As London is Rowlo’s village and I’m a country bumpkin now, not qualified to make any decisions in a city so overwhelming, Rowlo organised vegan afternoon tea at Egerton House Hotel. She found it, booked it, called to check that when they said vegan, they meant it, because we didn’t want to accidentally eat ham sandwiches.
“We’re going to gram the shit out of this,” she announced as we arrived. “On it,” I replied, taking 27 photos of some lilies in the hallway. As Rowlo says, if it doesn’t go on Instagram, did it even happen?
The waiter explained how, as vegans, we should always opt for Chablis, as the way it’s made guarantees it’s vegan by default, unlike other wines which can be filtered through isinglass (aka fish bladders) or have eggs and milk added (WTF! First you take my crisps, then you take my freedom!)
I think he said Chablis. We were soon on our second bottle and information, so easily trickling through the fingertips of my memory at the best of times, was quickly becoming hard to hold on to. Merlot - always order Merlot - got it. Thanks for the advice, our new best friend!
The scones were amazing, the coconut-cream based ‘butter’ was heavenly, sandwiches of Coronation chickpeas were so good we sent for more, before devouring various calorific treats which made the seams of my dress feel strangely restrictive. Someone must have sneaked into my life and swapped the dress for a smaller size while I was busy ordering the waiter to take another photo of his favourite ever guests.
Sozzled in ways you could deem a bit much for the afternoon, Rowlo ordered an Uber, which was exciting as I don’t have an account but enjoy trying to get my city friends five stars for exemplary car rider-ship. We made our way to Harrods. I needed to get a photo of us in the toy department because, as I told the Uber driver, MY MUM WORKED HERE IN THE 60s. What she’d really appreciate is a photo of her day-drunk daughter leaning on some Lego. In the end, I made Rowlo do the posing and Mum was appropriately enthused.
I started to wane. I needed an early night, fear creeping in that I’d have a hangover that might last TWO days and fill me with self-loathing and Paranoid Paula flashbacks of regret. We returned to her flat, where I mentioned that a friend of mine was throwing a house-party but we were probably too tired, weren’t we?
Rowlo’s eyes lit up. How could I possibly contemplate going to bed when my own brother was at this party and how often was I in London - or indeed anywhere - at the same time as him, my hero?
Good point. Hangover be damned. I’d drink through it, I told myself.

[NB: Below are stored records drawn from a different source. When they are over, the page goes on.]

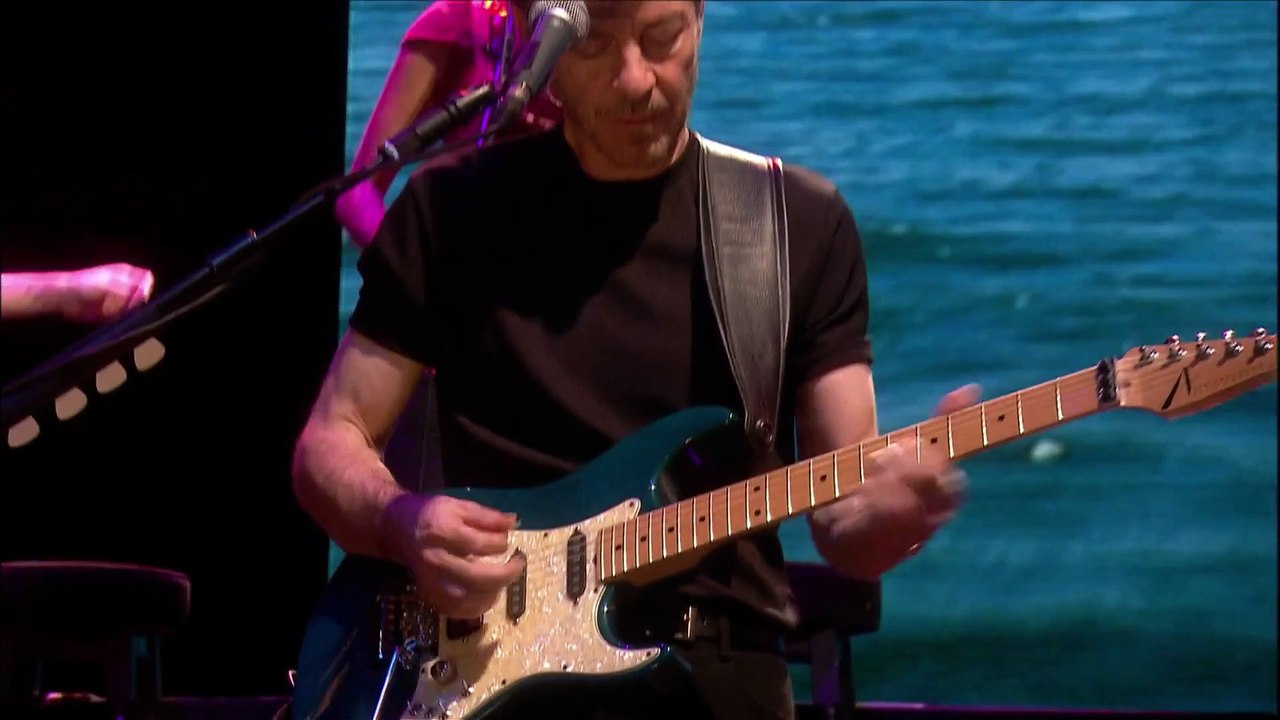 (Sittin' On) The Dock Of The Bay (Otis Redding cover) - Michael Bolton (live)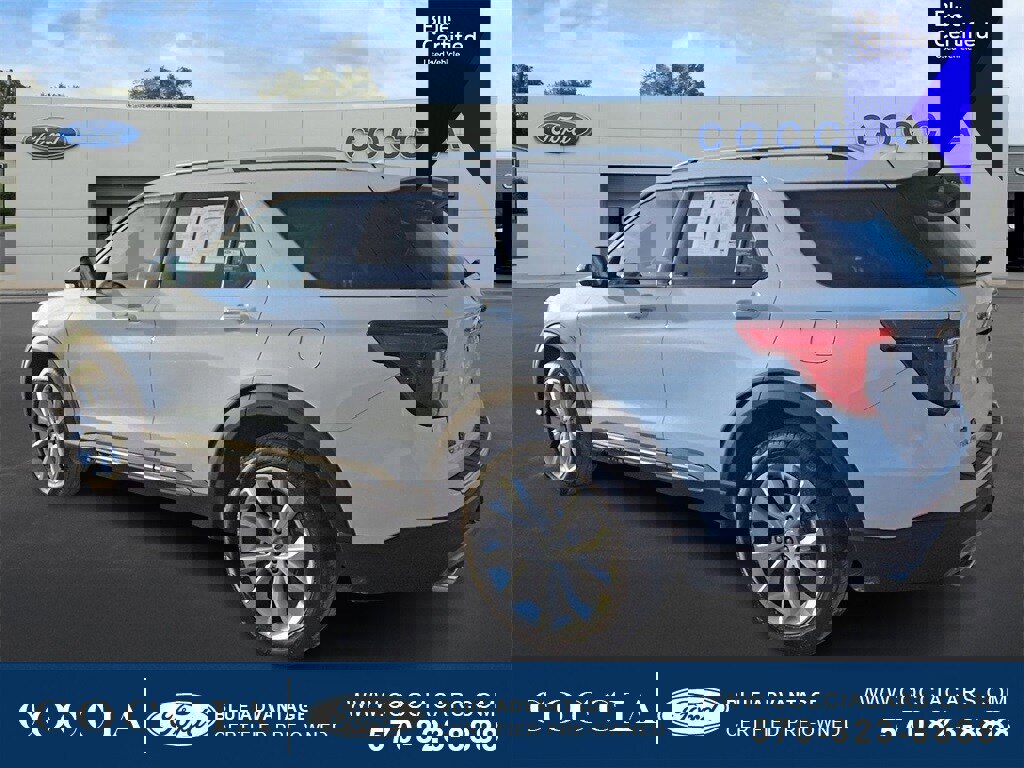 Certified 2024 Ford Explorer Platinum w/ Technology Package image 3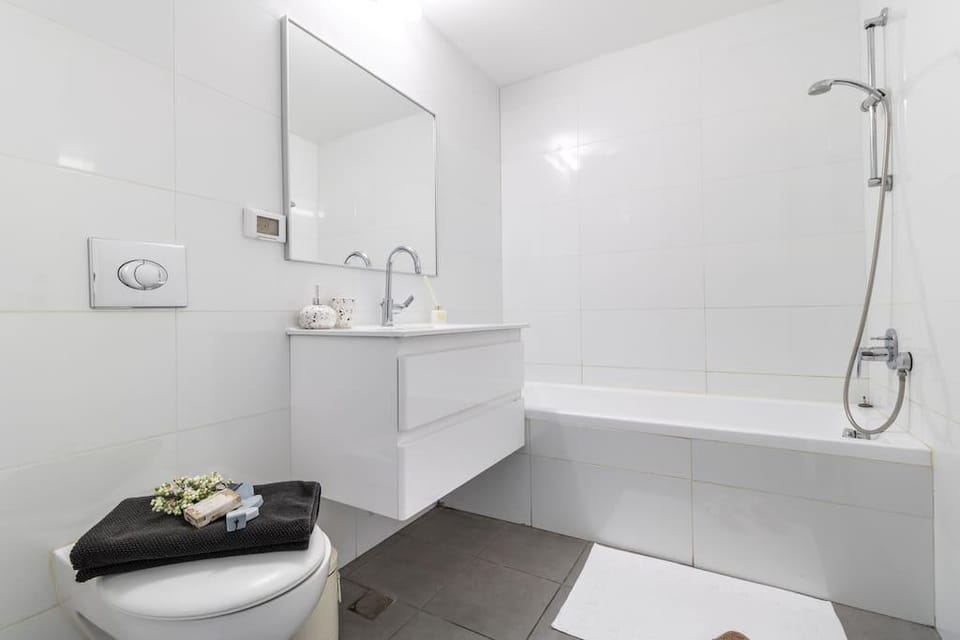 Exceptional 3 Bedroom/Parking in best area of town Apartment in Jerusalem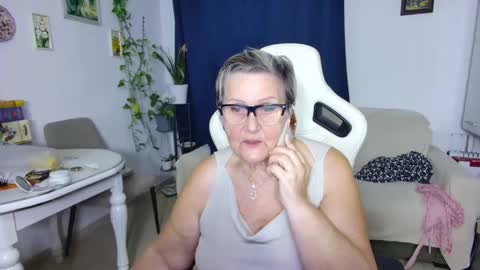 Snapshot of selenna57 chatting on April 3, 4:49 pm Selenna online show from April 3, 4:49 pm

It was no ordinary house party, on account of the fact my friend is a massive media-luvvy whose house parties actually have production teams and bouncers on the door, which Rowlo kept reminding me was absolutely, wonderfully not normal. And so it was that the next six hours of our lives were not spent sipping herbal tea and sleeping, as per my intentions, and instead, hanging out with my brilliant nephews, leaning too close to my nephew’s 15 year old girlfriend while gesticulating madly about how pointless it is to smoke cigarettes, drinking £5 white wine straight from the bottle and telling my brother that I loved him. There was dancing, there was a giant birthday cake and thespians who I became best mates with for the night, certain I’d never met anyone I had more in common with than these city-living extroverts in cravats. Oh, and Jarvis Cocker was DJing, in my friend’s back garden, which Rowlo again assured me was absolutely, wonderfully not normal.
At one point, Jarvis was standing on his own while everyone around him acted like it was no big deal that he was in a back garden in Dalston and I, Kim of Wiltshire, thought it might be nice to go talk to him, because he looked like he really needed someone to tell him Common People was her husband’s favourite song, but I was too busy doing shots of Tequila with my sister’s ex-boyfriend, telling my brother I loved him and declaring that I was never going to go to bed and hangovers are for wimps.
Paranoid Paula arrived a few hours later, right on cue.